= Beginning of Section =

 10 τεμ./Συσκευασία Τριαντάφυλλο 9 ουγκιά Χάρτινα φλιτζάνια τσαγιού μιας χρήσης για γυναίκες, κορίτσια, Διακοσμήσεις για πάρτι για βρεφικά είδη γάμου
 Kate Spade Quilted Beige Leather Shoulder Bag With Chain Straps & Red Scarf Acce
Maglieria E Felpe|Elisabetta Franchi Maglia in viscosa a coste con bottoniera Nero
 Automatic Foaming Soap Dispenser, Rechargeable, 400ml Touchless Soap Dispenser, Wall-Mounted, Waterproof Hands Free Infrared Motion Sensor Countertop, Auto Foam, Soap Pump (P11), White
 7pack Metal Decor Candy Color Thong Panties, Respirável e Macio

= End of Section =
= Beginning of Section =

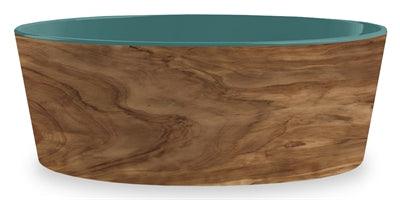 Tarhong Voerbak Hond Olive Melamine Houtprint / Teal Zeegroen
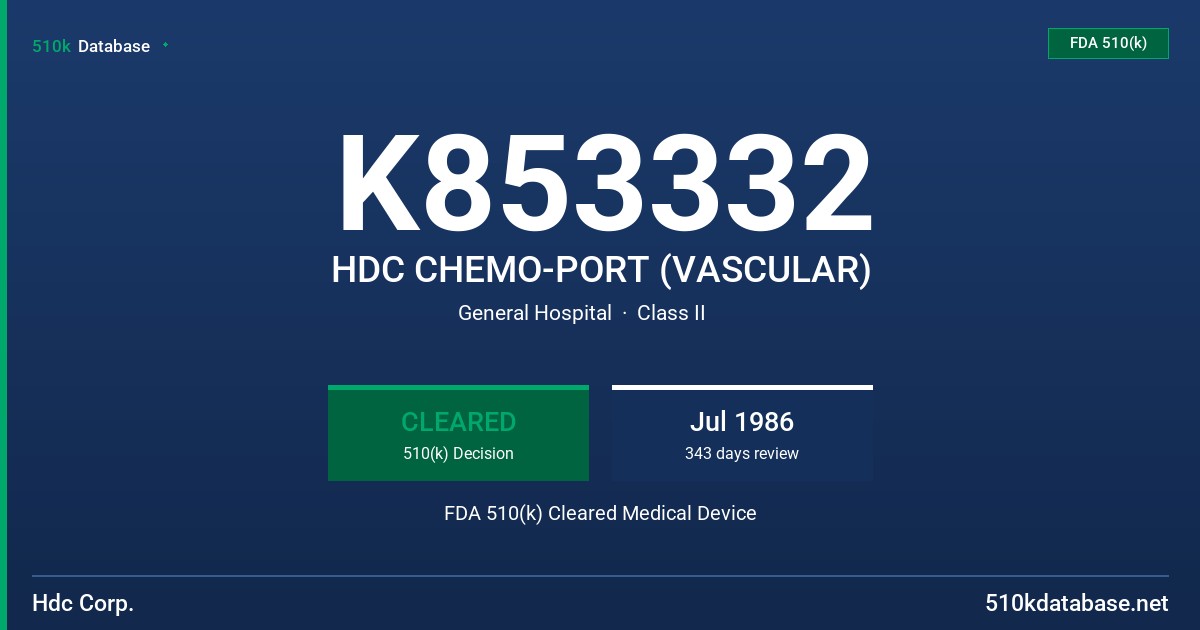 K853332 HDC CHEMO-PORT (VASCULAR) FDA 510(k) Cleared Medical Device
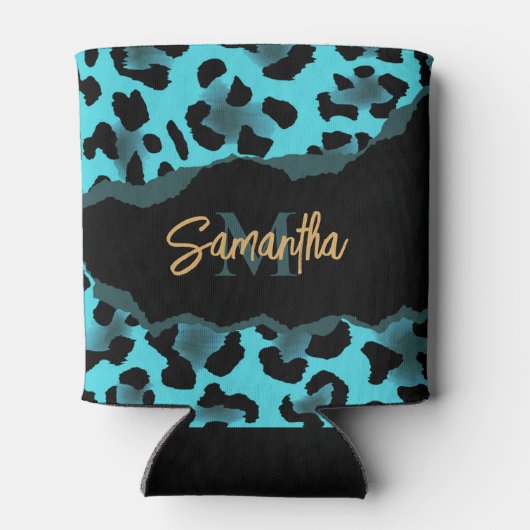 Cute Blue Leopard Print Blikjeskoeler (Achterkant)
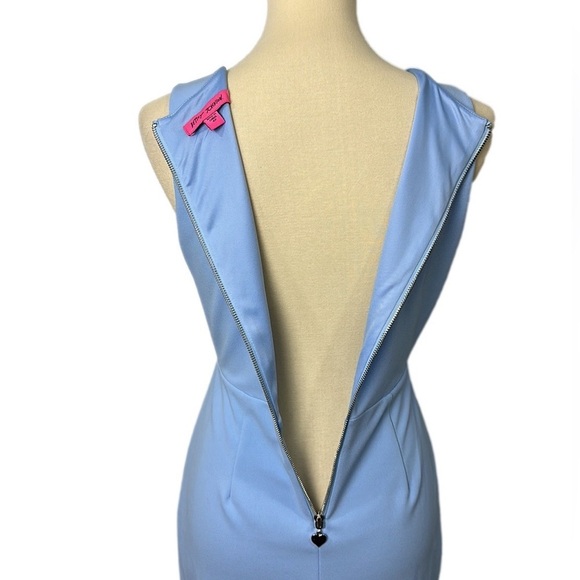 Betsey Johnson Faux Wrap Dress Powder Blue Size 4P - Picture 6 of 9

= End of Section =

• [About this task] What are the lines above from the one with "K853332 HDC CHEMO-PORT" to the one with "Betsey Johnson Faux", both included? Reproduce them exactly, without pictures.

• [Result for this task]
 K853332 HDC CHEMO-PORT (VASCULAR) FDA 510(k) Cleared Medical Device
 Cute Blue Leopard Print Blikjeskoeler (Achterkant)
 Betsey Johnson Faux Wrap Dress Powder Blue Size 4P - Picture 6 of 9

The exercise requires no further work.